In his support of the Chancellor Alistair Darling's controversial - some would say suicidal - moves on capital gains tax, Wolf's has been an almost lone howl in the wilderness. I fear in his contrarian analysis of Darling's CGT moves that he may well be talking a fair bit of sense, despite the fact that his scribblings have attracted squeaks of outrage - not least from his old editor Richard Lambert, now top banana at the CBI.

A bit of back-to-basics might not go amiss here. The simple facts are that if you earn shed loads of cash - and those who do have enjoyed a pretty nice run under New Labour since 1997 - then you should expect to pay your fair share of tax. (And I'm not talking about stupid Old Labour shenanigans like the 'politics of envy' 98% rates of the '60s and '70s.) If you're rich you won't get much back for your tax pains. You won't be using the government's second-rate schools, you take a helicopter rather than struggle on its pot-holed, heavily-congested roads and you definitely won't be relying on its meagre state pension when you hang up your boots. But coughing up is all part of the social contract and why you'd rather live here than in Paris or New York, or, god forbid, Frankfurt. 

In many ways the wealthy only have themselves to blame for getting some heat. With stories floating around this summer about big cheeses in private equity paying less to the Exchequer than their cleaning ladies and all sorts of evil tales about fleet-footed Res Non Doms getting off scot free, it was clear there was trouble coming down the line. Even the Tories scent political gain in squeezing the wealthy at the moment.

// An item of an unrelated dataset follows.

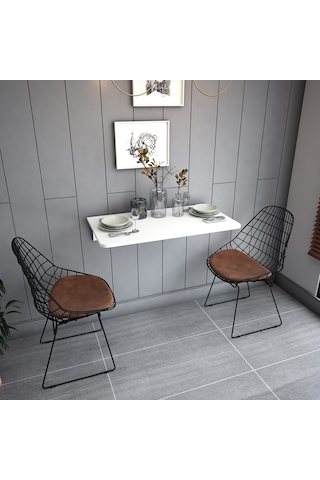 Asra Trend DMM-01 %100 MDF 90x50 cm Duvara Monte Katlanır Masa Mutfak Çalışma Masası Beyaz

It's also true that there won't be many entrepreneurs out there who don't bother taking any risks in business because now under the new regime they will only receive 82% of the gain from their businesses rather than 90%. The thing about the truly entrepreneurial is that they can't help forging forward and taking risk - it's the way they are made.

As the wise old Wolf noted: 'Arguments from relatively wealthy people that they ought to have their incomes taxed at far lower rates than everyone else, because of the benefits they shower upon us, should be treated with contempt.' So, cough up and quit whinging - it's not that bad, and ultimately you aren't going to be that much poorer. Don't you know there's a war to pay for?